I do not understand why it isn't working; is the data contained in the dict copied to each subprocess then modified in it and not returned to the main process? if that's the case, is there a way to modify the data without copying it somewhere else? In multiprocessing there may be a problem with unwanted data deletion when multiple processes try to write to the same adress, in my case, since each subprocess only writes to a specific key, will this unwanted data deletion be a problem?

Sample code:

    
import datetime
import numpy as np
import random
from multiprocessing import Process,Manager

class nbrgen(object):
    def __init__(self,ticker,TBA,delay):
        self.delay=delay
        self.value=100.00
        self.volume=50
        self.ticker=ticker
        self.TBA=TBA

    def generate_value(self):
        self.value=round (self.value + random.gauss(0,1)*self.delay + 0.01 ,2)
        self.volume=random.randint(1,100)

    def __next__(self):
        return self.next()

    def next(self):
        self.generate_value()
        t=datetime.datetime.now(tz=datetime.timezone.utc)
        return np.array([t,self.ticker,self.TBA,self.value,self.volume])

    def apenddict(D, tik,gnr):
      for i in range(8):
        print(tik)
        D[tik][:-1] = D[tik][1:]
        D[tik][-1:, :] = gnr.next()


    if __name__ =="__main__":
     manager=Manager()
     d=manager.dict()
     d["TOK"] = np.zeros((10, 5), dtype="O")
     d["TIK"] = np.zeros((10, 5), dtype="O")
 
     p1=Process(target=apenddict,args=(d,"TIK",nbrgen("TIK","T",0.1)))
     p2=Process(target=apenddict,args=(d,"TOK",nbrgen("TOK","T",0.1)))

     p1.start()
     p2.start()
     p1.join()
     p2.join()

     print(d)

prints: TIK and TOK randomly (as expected) and

{'TOK': array([[0, 0, 0, 0, 0],
   [0, 0, 0, 0, 0],
   [0, 0, 0, 0, 0],
   [0, 0, 0, 0, 0],
   [0, 0, 0, 0, 0],
   [0, 0, 0, 0, 0],
   [0, 0, 0, 0, 0],
   [0, 0, 0, 0, 0],
   [0, 0, 0, 0, 0],
   [0, 0, 0, 0, 0]], dtype=object), 'TIK': array([[0, 0, 0, 0, 0],
   [0, 0, 0, 0, 0],
   [0, 0, 0, 0, 0],
   [0, 0, 0, 0, 0],
   [0, 0, 0, 0, 0],
   [0, 0, 0, 0, 0],
   [0, 0, 0, 0, 0],
   [0, 0, 0, 0, 0],
   [0, 0, 0, 0, 0],
   [0, 0, 0, 0, 0]], dtype=object)}

is returned

1 Answers1

0

This is due to the way the Manager() manages the dict.
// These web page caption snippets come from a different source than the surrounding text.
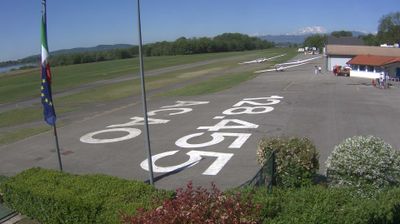 immagine della webcam nei dintorni di Varese: webcam Galliate Lombardo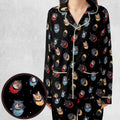 Live Long and Paws-purr Star Trek Pajamas Set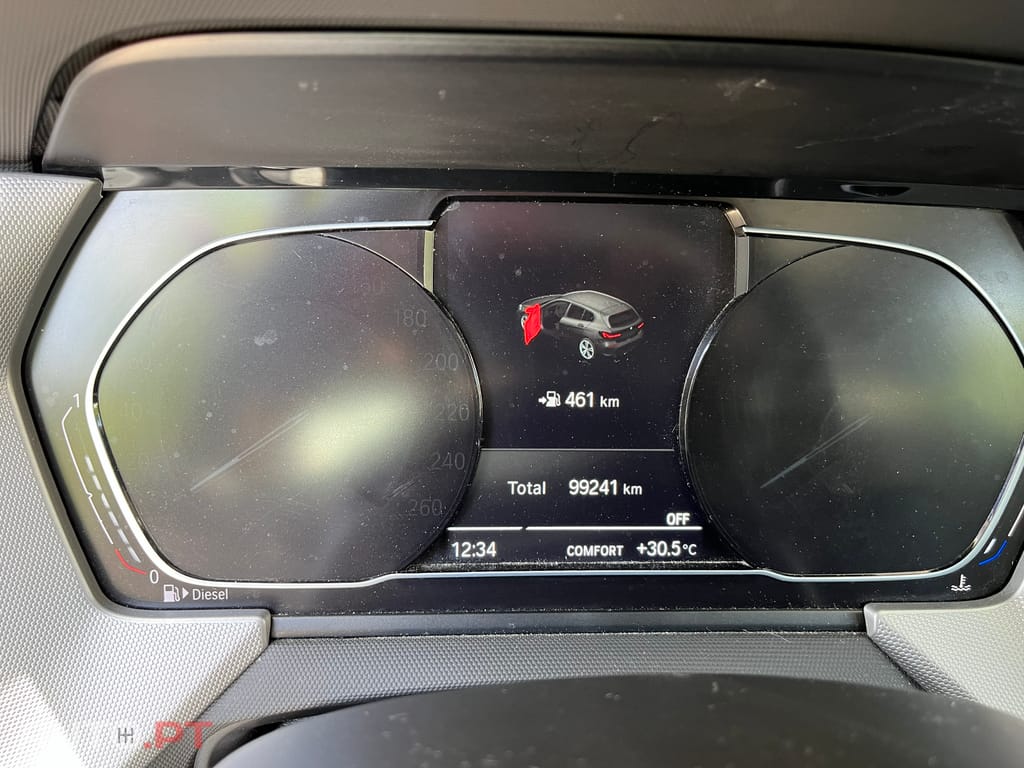 BMW 116 Advantage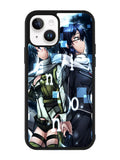 Sword Art Gun Gale ART iPhone 14 Plus Case QC1763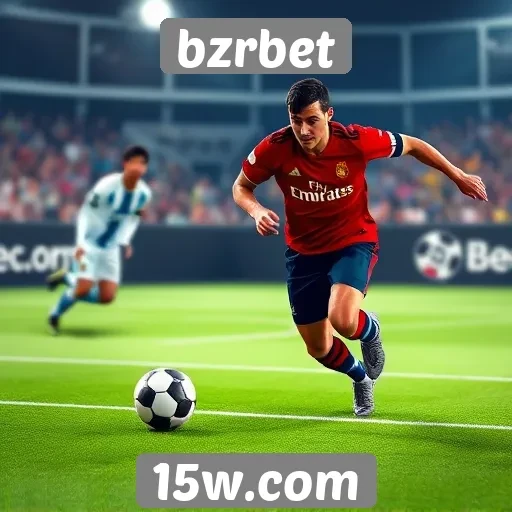 Como funciona o sistema de apostas do bzrbet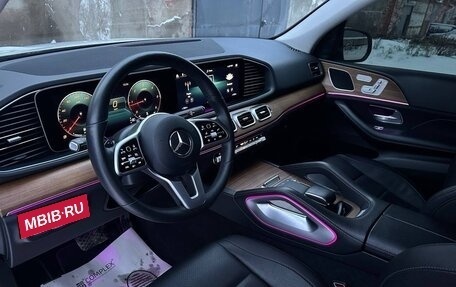 Mercedes-Benz GLE, 2019 год, 4 890 000 рублей, 15 фотография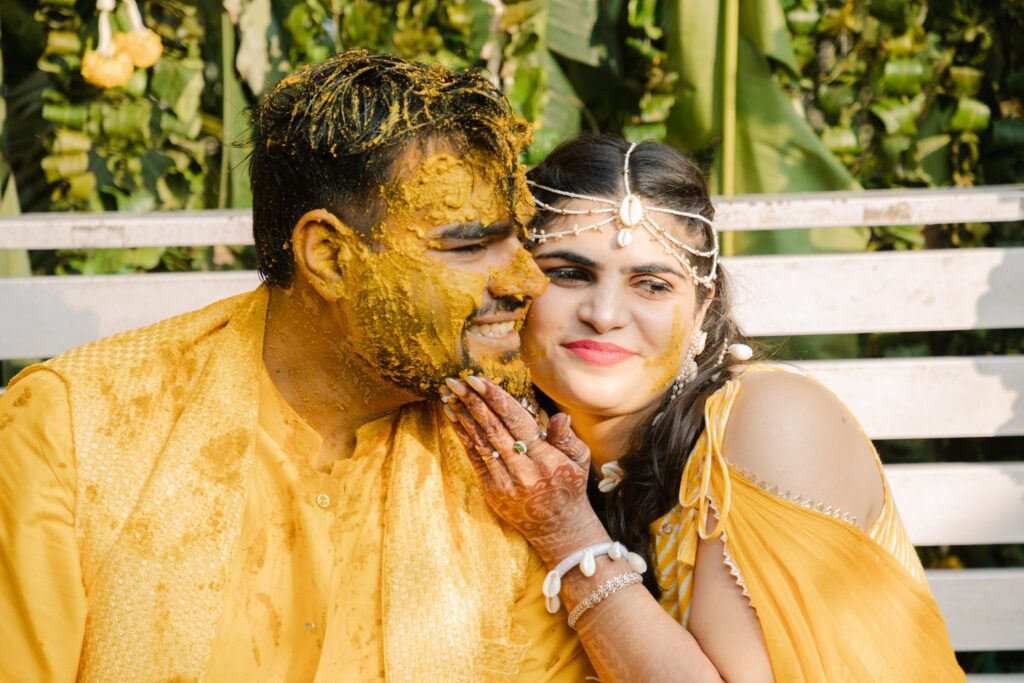 Haldi image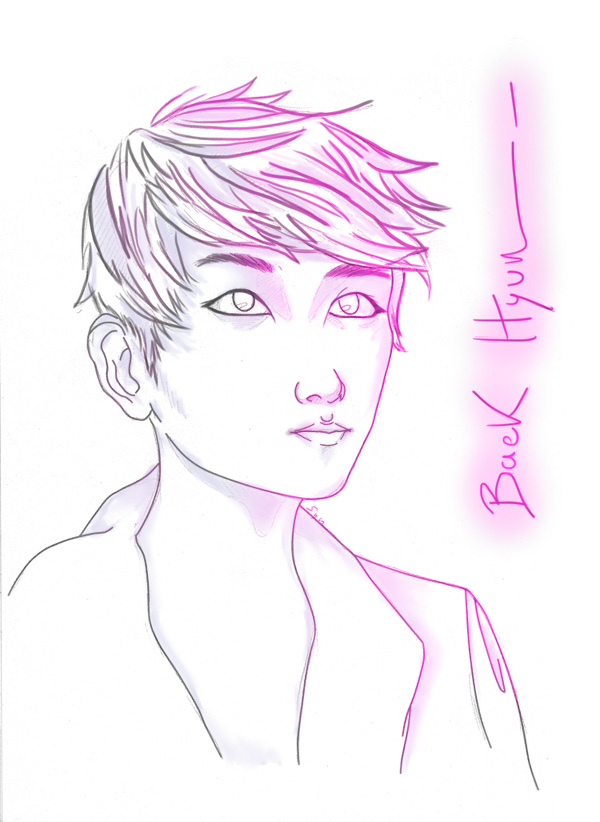 Pink_Baek Hyun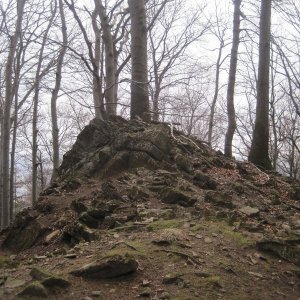 ZdenkaV na vrcholu Kazničov SZ (21.3.2026 11:24)
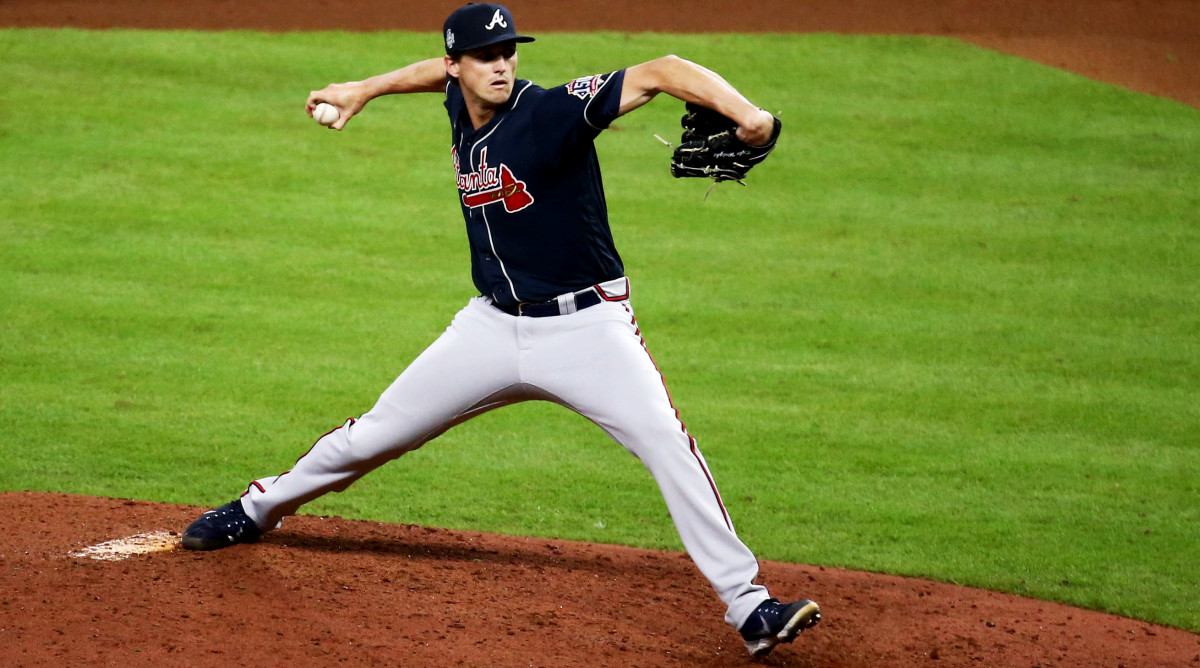 World Series: Braves pitching staff in trouble vs. Astros - Sports  Illustrated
Only the dict itself is managed, not its entries (unless the entries happen to be Proxy Objects). Thus when working with mutable dict entries, updates to the objects are not handled (or even registered) by the manager.

However, it is possible to update the dict itself, e.g. by replacing a full dict entry. Thus, a way to get around the above limitation, is to get a local reference to the entry, update it, and then re-assign the local reference to the managed dict.

In this particular case, it would mean that the appenddict function has to be modified slightly:

def apenddict(D, tik,gnr):
    tik_array = D[tik]  # Create local reference
    for i in range(8):
        print(tik)
        tik_array[:-1] = D[tik][1:]  # Update local reference
        tik_array[-1:, :] = gnr.next()  # Update local reference
    D[tik] = tik_array  # Assign local reference to managed dict

With these changes, your program ought to work more as you expect it to.